The clock had yet to strike midnight, but it was close. At 10:46pm on Tuesday last week, Senator John Faulkner urged his Canberra Carbon Cargo Cult Club colleagues to continue “fighting climate change”. He squeezed in some late-night sceptic-bashing before the witching hour too; while ironically claiming that only “calm reasoned argument” could combat the “sneering anti-intellectualism” and “postmodernist drivel” of “denialists” – and thus restore public confidence in its quixotic crusade.

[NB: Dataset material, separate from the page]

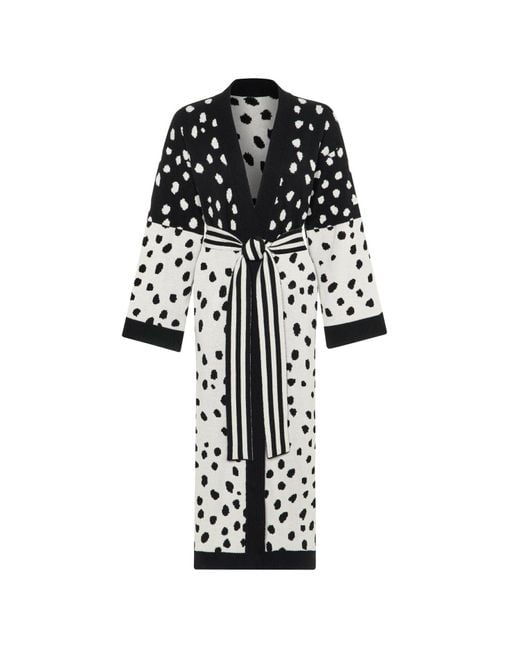INGMARSON Black Scattered Dots Wool & Cashmere Cardigan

Such was the crushing weight of Faulkner’s delusions and misconceptions that Quadrant Online contributor Michael Kile deemed it nothing less than his citizen’s duty to pen a gentle and caring note in hope of banishing the fog that now clouds the ministerial mind. A faint hope, true, but concern for the addled obliges one to try.


Dear Senator Faulkner,
Perhaps it was the lateness of the hour; or the frisson of mid-winter anticipation that rippled through the House before the second act of the 43rd Parliament’s restoration drama, The Rivals.

Whatever the rationale for your Senate speech  (from 10.46pm) on Tuesday 25th June, 2013, it is my duty – as a humble servant of truth and reason – to query certain aspects of it, especially on behalf of those good souls who were slumbering at the time, both inside and outside the House.

On Monday last you generously praised one of the Orthodoxy’s sacred texts; a recent report by the government’s Climate Commission on extreme weather in Warmerland, wisely making no mention of its critics (Eg: here, here and here).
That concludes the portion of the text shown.